**EXERCISE DIRECTIONS**
Reproduce exactly the lines of this material that begin at the line with "Mercedes Classe E" and end at the line with "USED 2017 17", both included. Omit the pictures and everything else.

**PROVIDED MATERIAL**
↓↓↓

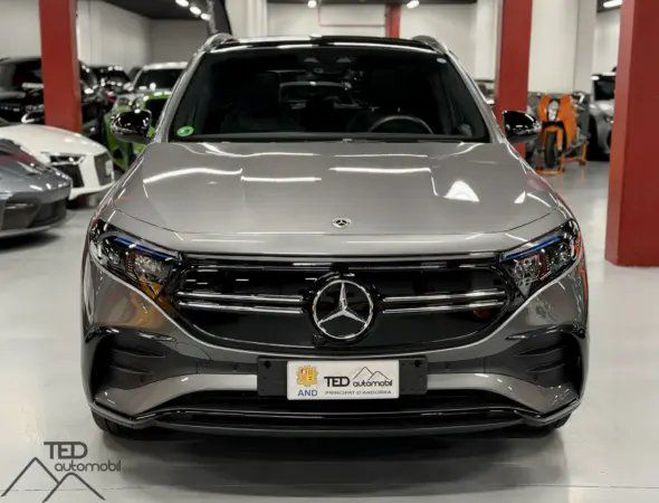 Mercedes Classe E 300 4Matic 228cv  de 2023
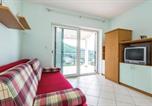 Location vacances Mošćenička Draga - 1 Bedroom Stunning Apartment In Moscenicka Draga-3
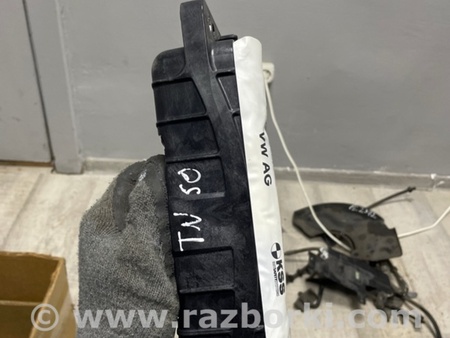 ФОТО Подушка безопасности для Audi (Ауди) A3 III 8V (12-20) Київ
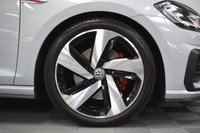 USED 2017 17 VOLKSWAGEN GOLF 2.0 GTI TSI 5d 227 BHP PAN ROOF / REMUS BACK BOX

↑↑↑
↓↓↓

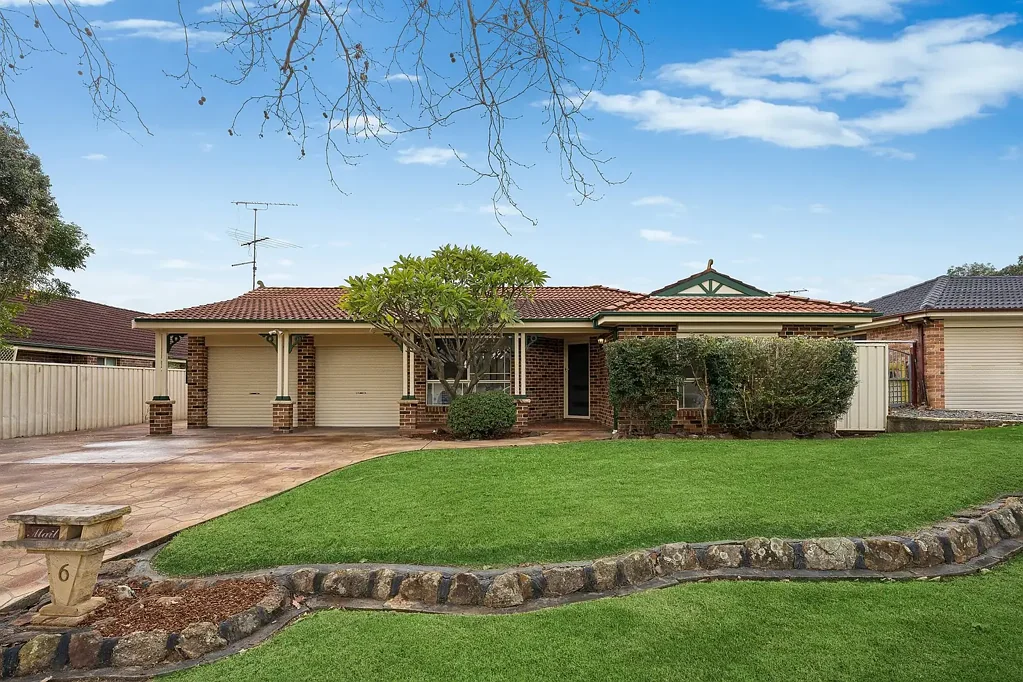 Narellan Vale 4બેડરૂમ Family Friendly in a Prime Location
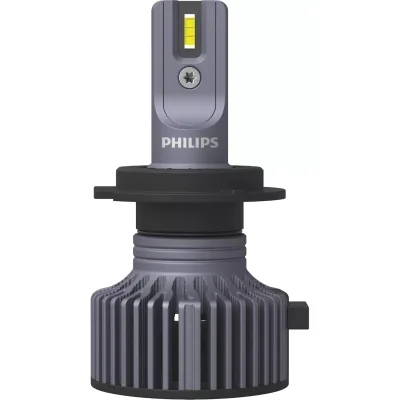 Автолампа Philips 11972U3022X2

↑↑↑

**WRITTEN SOLUTION**
 Mercedes Classe E 300 4Matic 228cv  de 2023
 Location vacances Mošćenička Draga - 1 Bedroom Stunning Apartment In Moscenicka Draga-3
 ФОТО Подушка безопасности для Audi (Ауди) A3 III 8V (12-20) Київ
 USED 2017 17 VOLKSWAGEN GOLF 2.0 GTI TSI 5d 227 BHP PAN ROOF / REMUS BACK BOX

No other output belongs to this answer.